*** Opening of TASK INPUTS ***

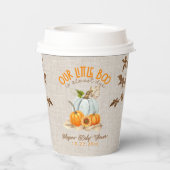 私たちの小さなブーはほとんどデューベイビーシャワー紙カップ 紙コップ (裏面)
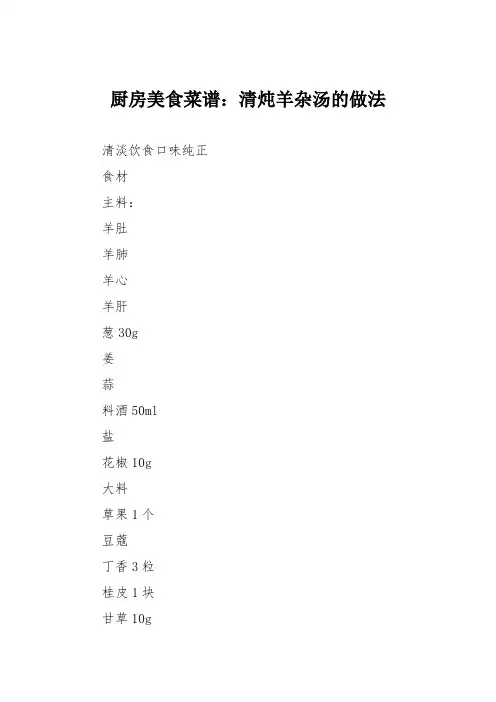 厨房美食菜谱：清炖羊杂汤的做法
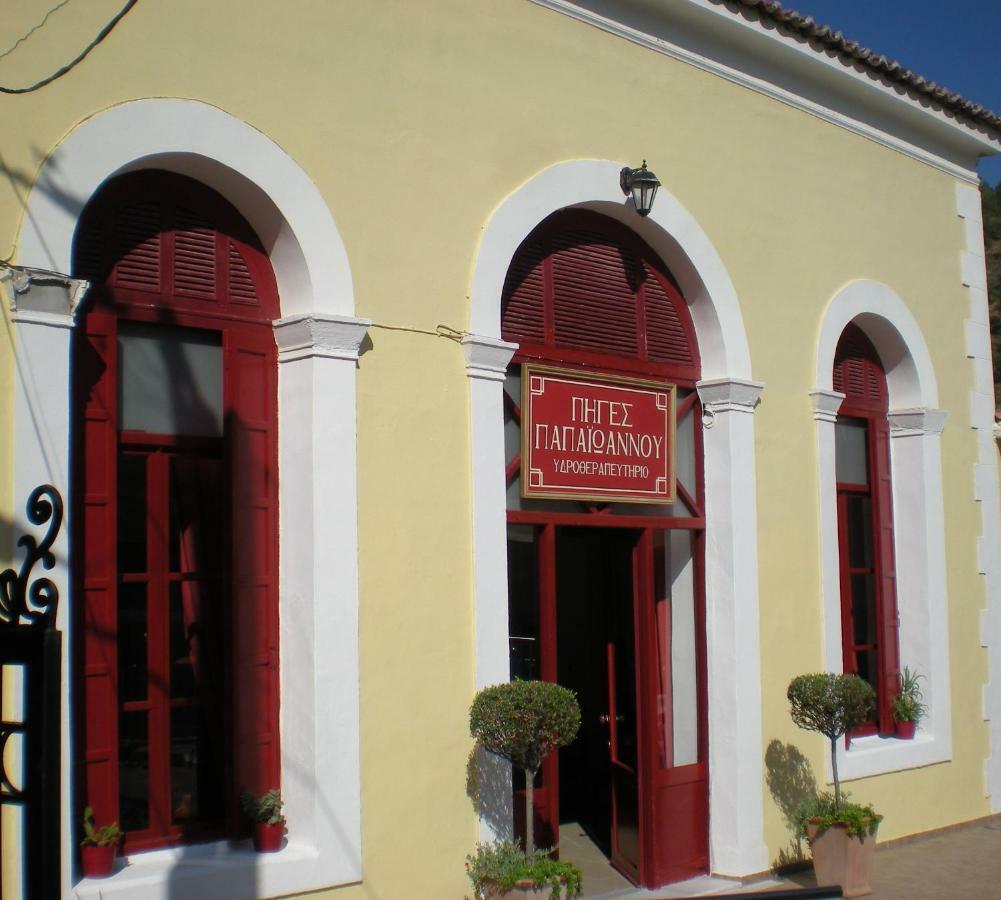 Difo Hotel Loutra Edipsou  Exterior foto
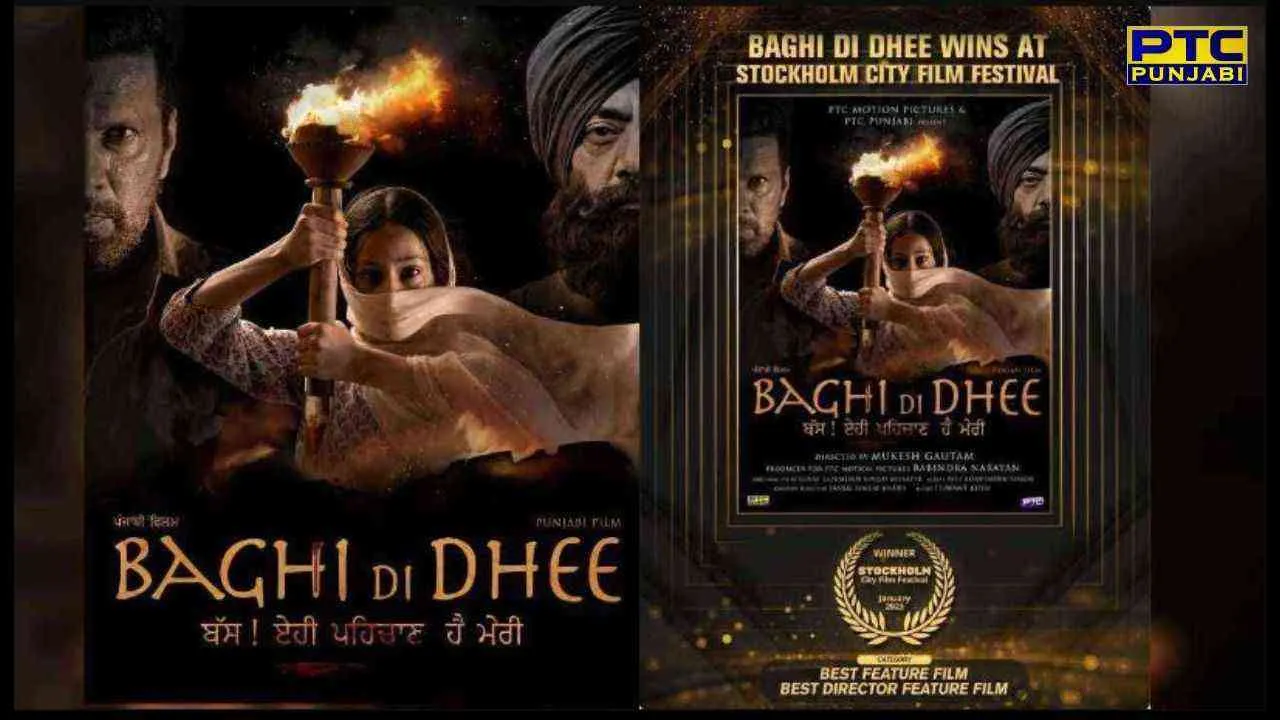 Baghi Di Dhee: &#039;ਬਾਗੀ ਦੀ ਧੀ&#039; ਨੂੰ ਸਟਾਕਹੋਮ ਸਿਟੀ ਫ਼ਿਲਮ ਫੈਸਟੀਵਲ &#039;ਚ ਮਿਲੇ ਕਈ ਅਵਾਰਡਸ, ਜਾਨਣ ਲਈ ਪੜ੍ਹੋ ਪੂਰੀ ਖ਼ਬਰ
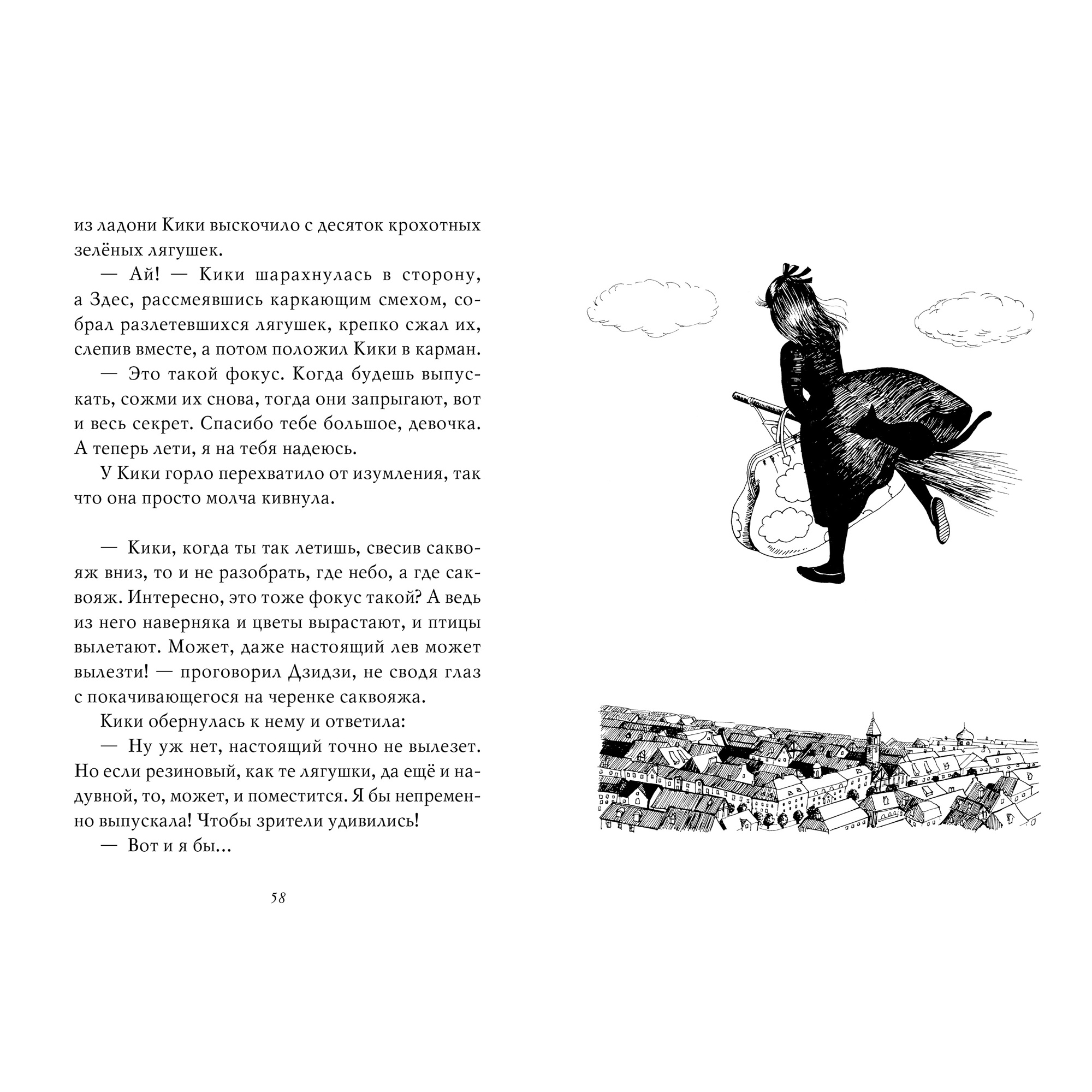 Книга АЗБУКА Ведьмина служба доставки. Книга 2. Кики и новое колдовство - фото 7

*** Close of TASK INPUTS ***

> **WHAT TO DO**
Return verbatim every line from the one holding "Difo Hotel Loutra" to the end of the records above. Do not copy the pictures.

> **REPLY TO THE TASK**
 Difo Hotel Loutra Edipsou  Exterior foto
 Baghi Di Dhee: &#039;ਬਾਗੀ ਦੀ ਧੀ&#039; ਨੂੰ ਸਟਾਕਹੋਮ ਸਿਟੀ ਫ਼ਿਲਮ ਫੈਸਟੀਵਲ &#039;ਚ ਮਿਲੇ ਕਈ ਅਵਾਰਡਸ, ਜਾਨਣ ਲਈ ਪੜ੍ਹੋ ਪੂਰੀ ਖ਼ਬਰ
 Книга АЗБУКА Ведьмина служба доставки. Книга 2. Кики и новое колдовство - фото 7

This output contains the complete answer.